Write realistically. Treat the story like an autobiography/journal. No one ends their autobiography by describing how they are going to die at the end because they don’t know how they are going to die. (Especially if it’s sudden.)

Graphic depiction of how the protagonist dies. This is the most irksome issue with journal/diary entry stories. Who, after being torn limb-from-limb, is going to drag themselves back to their computer and type their final message (likely with their nose)? What monster, after brutalizing the protagonist is going to stand aside and let them submit their final words? What protagonist is going to be calm/focused enough to type out that even through their blood loss trauma?

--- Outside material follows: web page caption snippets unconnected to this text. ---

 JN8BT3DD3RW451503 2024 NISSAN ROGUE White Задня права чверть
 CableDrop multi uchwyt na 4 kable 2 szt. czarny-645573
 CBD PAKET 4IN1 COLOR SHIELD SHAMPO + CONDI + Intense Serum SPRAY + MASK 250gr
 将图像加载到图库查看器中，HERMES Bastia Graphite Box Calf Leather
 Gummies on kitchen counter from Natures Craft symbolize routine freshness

Once again, Lovecraft was effective in this aspect as he left a majority of the details up to the readers’ imagination. The reader knows what is going to happen to the protagonist and they fill in the blanks for what is about to happen to them. That makes it much more effective as their imaginations will be much more graphic than any description you could ever give as they are inserting their fears into the protagonist’s fate which has a much more profound impact.

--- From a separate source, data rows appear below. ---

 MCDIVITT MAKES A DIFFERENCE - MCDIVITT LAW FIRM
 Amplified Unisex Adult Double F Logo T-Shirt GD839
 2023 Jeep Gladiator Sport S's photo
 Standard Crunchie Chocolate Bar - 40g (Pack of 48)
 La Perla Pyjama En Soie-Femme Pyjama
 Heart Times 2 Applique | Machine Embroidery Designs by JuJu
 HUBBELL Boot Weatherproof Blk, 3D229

  • The monster finishes the story

"If they don't like this, I'll just die of embarrassment!" ~ Ragnar the soul-flayer

This gets especially ridiculous when the protagonist stresses how they’re being hunted to keep the killer’s identity a secret. Why would the killer, after murdering the protagonist, bother to sit down and write their own message?(maybe even proof-reading and looking for applicable sites to submit it to) It's comical to imagine a monster hunched over a keyboard hunting and pecking keys while thinking of a zingy one-liner to end it all on.

Instead, imply their fate. Leave it to the audience. Better yet, don’t specifically state what happened to them; have them vanish without a trace. One of the more powerful aspects of the Slenderman mythos is that the fates of characters he spirits away are never explained fully. What is happening to them? Is he forcing them to eat the children he has previously stolen away? Is he taking them to a hellish dimension where they are forced to play Parcheesi? The audience doesn’t know and forcing them to imagine that fate of the protagonist makes it that much more impactful.

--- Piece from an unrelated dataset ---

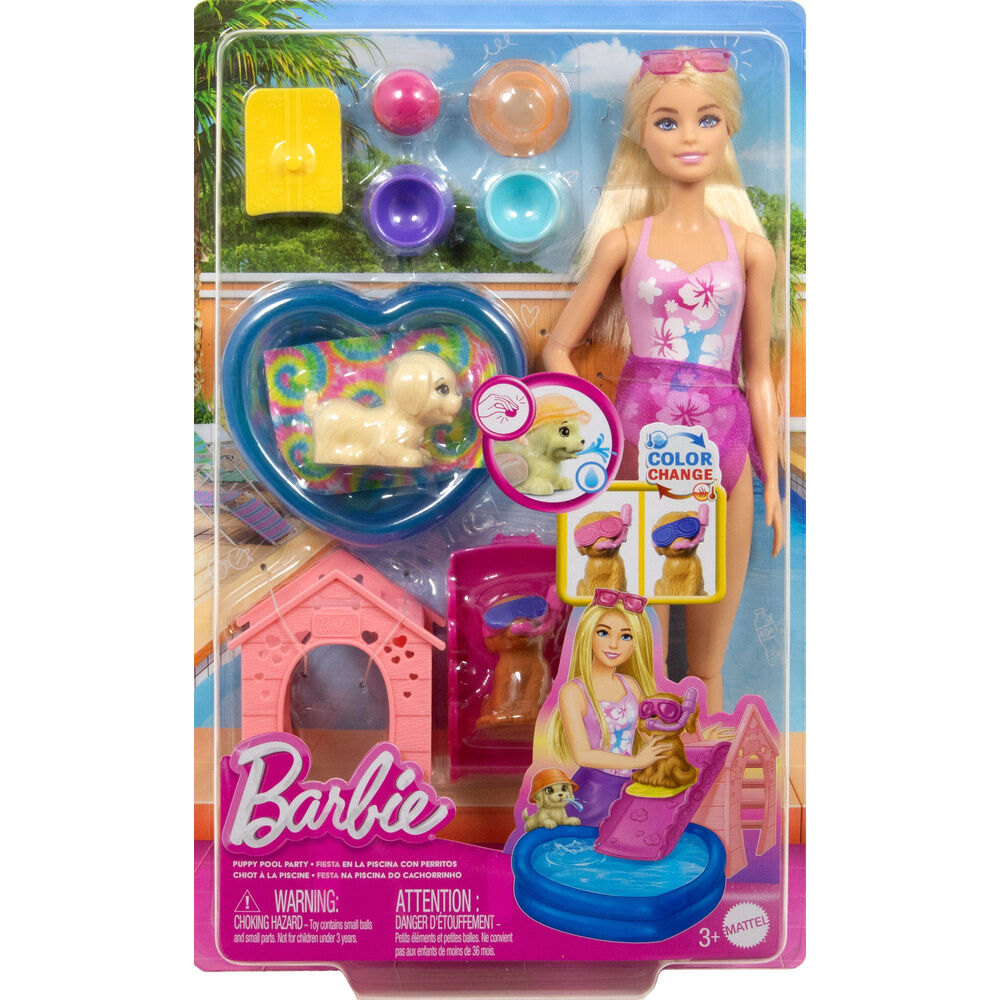 Barbie Docka Poolvalpar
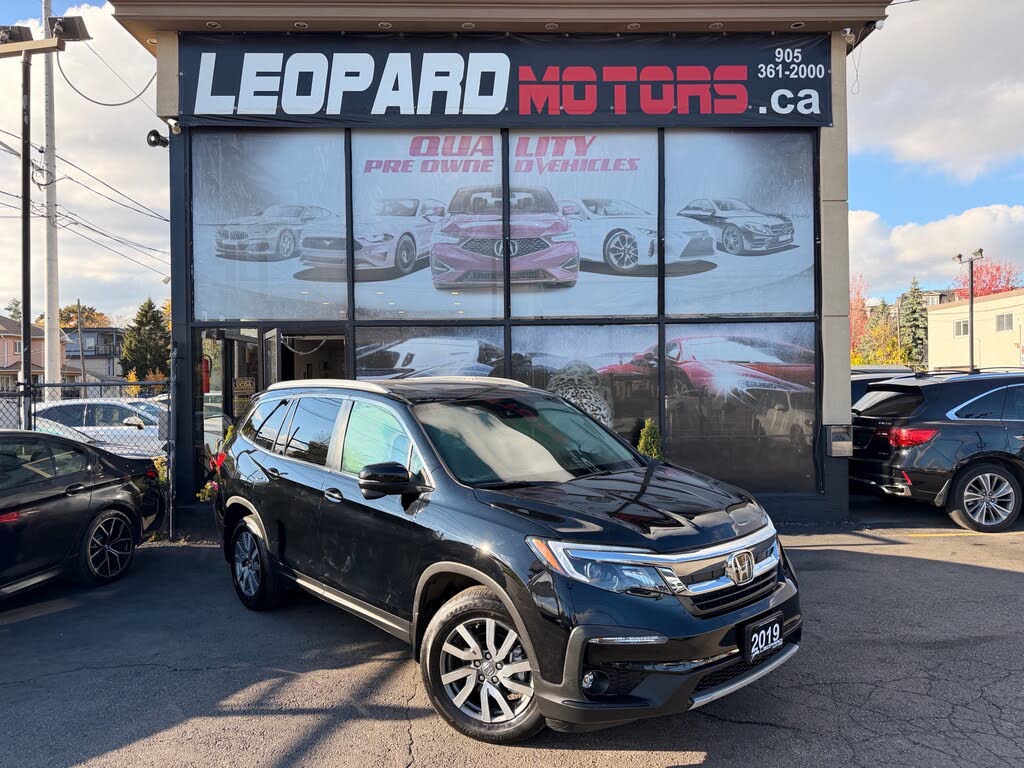 2019 Honda Pilot EX-L AWD with Navigation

  • Put yourself in the narrator’s shoes/What would you do in that situation?

Injecting a bit of yourself into the character can create some believability in the story. It can also help you avoid issues where characters respond to situations ridiculously. How would you react to a stalker carving a message into the front door of your house? Most people would be concerned as opposed to writing it off as ‘kids playing pranks.’ Write it as if it were you responding to the situation.

  • Writer’s workshop

Every time I suggest this when I make a writing advice blog, and every time I end up deleting a story that could have had a chance at fixing their story issues had they decided to take it there before-hand. The people who will review your story have likely read hundreds of similar stories and are familiar with the tropes and clichés that a diary-style story entails.

  • Read your story to yourself aloud.

It looks like this.

This will help you catch awkward phrasing issues and highlight inconsistencies in the tone of the story. Would a middle school student stop in the middle of their entry to describe the monster’s bifurcated tongue, nictitating haw, or serrated claws made for rending flesh? Likely not because they are more likely accustomed to using familiar words to describe unfamiliar objects. This can really help with description. While I can go in-depth about a man’s head splitting open and coating the protagonist in a spray of skeletal shrapnel, describing the head splitting open like a ripe watermelon paints a more evocative picture because most are familiar with a watermelon splitting while few know what a head exploding Scanner’s –style looks like.


There are a lot of benefits to writing a story in epistolary format. It is rooted in reality, it is relatable, and it can really build a good sense of atmosphere and tension. As long as you know what to focus on and what to avoid, you can really make an involving story.